Attached files

file filename
EXCEL - IDEA: XBRL DOCUMENT - VERUS INTERNATIONAL, INC.Financial_Report.xls
EX-3.7 - EXHIBIT 3.7 - VERUS INTERNATIONAL, INC.v400735_ex3-7.htm
EX-3.8 - EXHIBIT 3.8 - VERUS INTERNATIONAL, INC.v400735_ex3-8.htm
EX-32.2 - EXHIBIT 32.2 - VERUS INTERNATIONAL, INC.v400735_ex32-2.htm
EX-31.2 - EXHIBIT 31.2 - VERUS INTERNATIONAL, INC.v400735_ex31-2.htm
EX-32.1 - EXHIBIT 32.1 - VERUS INTERNATIONAL, INC.v400735_ex32-1.htm
EX-31.1 - EXHIBIT 31.1 - VERUS INTERNATIONAL, INC.v400735_ex31-1.htm
10-K - FORM 10-K - VERUS INTERNATIONAL, INC.v400735_10k.htm

 

Exhibit 3.6

 

CERTIFICATE OF AMENDMENT

 

TO THE

 

CERTIFICATE OF INCORPORATION

 

OF

 

REALBIZ MEDIA GROUP, INC.

 

RealBiz Media Group, Inc. (the “Corporation”) organized and existing under and by virtue of the General Corporation Law of the State of Delaware does hereby certify:

 

FIRST : That at a meeting of the Board of Directors of the Corporation on July 31, 2014, resolutions were duly adopted setting forth a proposed amendment of the Certificate of Incorporation of said corporation, declaring said amendment to be advisable and calling a meeting of the stockholders of said corporation for consideration thereof.
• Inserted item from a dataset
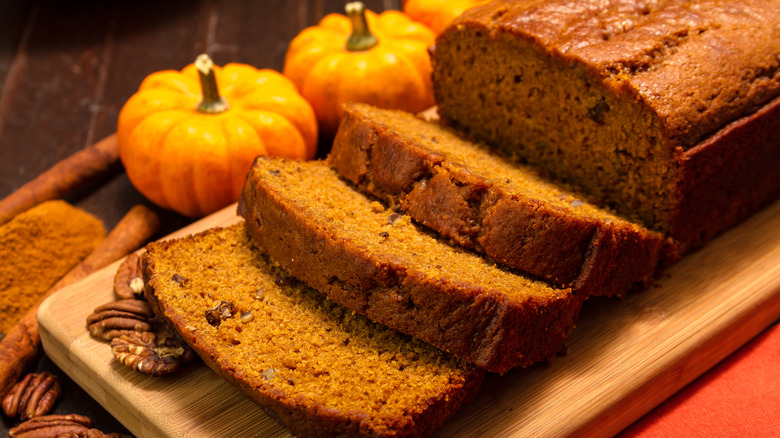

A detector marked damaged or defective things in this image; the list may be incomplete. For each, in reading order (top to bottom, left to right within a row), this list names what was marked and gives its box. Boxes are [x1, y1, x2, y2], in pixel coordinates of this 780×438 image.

broken cinnamon stick [0, 134, 119, 226]
broken cinnamon stick [0, 204, 159, 396]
The resolution setting forth the proposed amendment is as follows:

 

RESOLVED, that Paragraphs A and B of Section 4 of the Certificate of Incorporation of this Corporation be amended as follows:

 

4. Number of Shares.

 

A. The total number of shares of all classes of stock that the Corporation shall have authority to issue is Three Hundred Seventy Five Million (375,000,000) shares consisting of: Two Hundred Fifty Million (250,000,000) shares of common stock, $.001 par value per share; and One Hundred Twenty-Five Million (125,000,000) which shall be designated as preferred stock, $.001 par value per share.

 

B. The preferred stock may be divided into, and may be issued from time to time in one or more series. The Board of Directors of the Corporation (the “Board”) is authorized from time to time to establish and designate any such series of preferred stock, to fix and determine the variations in the relative rights, preferences, privileges and restrictions as between and among such series and any other class of capital stock of the Corporation and any series thereof, and to fix or alter the number of shares comprising any such series and the designation thereof. The authority of the Board from time to time with respect to each such series shall include, but not be limited to, determination of the following: (i) the designation of the series; (ii) the number of shares of the series and (except where otherwise provided in the creation of the series) any subsequent increase or decrease therein; (iii) the dividends, if any, for shares of the series and the rates, conditions, times and relative preferences thereof; (iv) the redemption rights, if any, and price or prices for shares of the series; (v) the terms and amounts of any sinking fund provided for the purchase or redemption of the series; (vi) the relative rights of shares of the series in the event of any voluntary or involuntary liquidation, dissolution or winding up of the affairs of the Corporation; (vii) whether the shares of the series shall be convertible into shares of any other class or series of shares of the Corporation, and, if so, the specification of such other class or series, the conversion prices or rate or rates, any adjustments thereof, the date or dates as of which such shares shall be convertible and all other terms and conditions upon which such conversion may be made; (viii) the voting rights, if any, of the holders of such series; and (ix) such other designations, powers, preference and relative, participating, optional or other special rights and qualifications, limitations or restrictions thereof.

 

 
 

 

All other aspects of Article 4 shall remain unchanged.

 

SECOND: That thereafter, pursuant to resolution of its Board of Directors, a special meeting of the stockholders of said corporation was duly called and held upon notice in accordance with Section 222 of the General Corporation Law of the State of Delaware at which meeting the necessary number of shares as required by statute were voted in favor of the amendment.

 

THIRD: That said amendment was duly adopted in accordance with the provisions of Section 242 of the General Corporation Law of the State of Delaware.

 

IN WITNESS WHEREOF, the Company has caused this Certificate of Amendment to the Certificate of Incorporation to be signed by William Kerby, its Chief Executive Officer, this 14th day of October, 2014.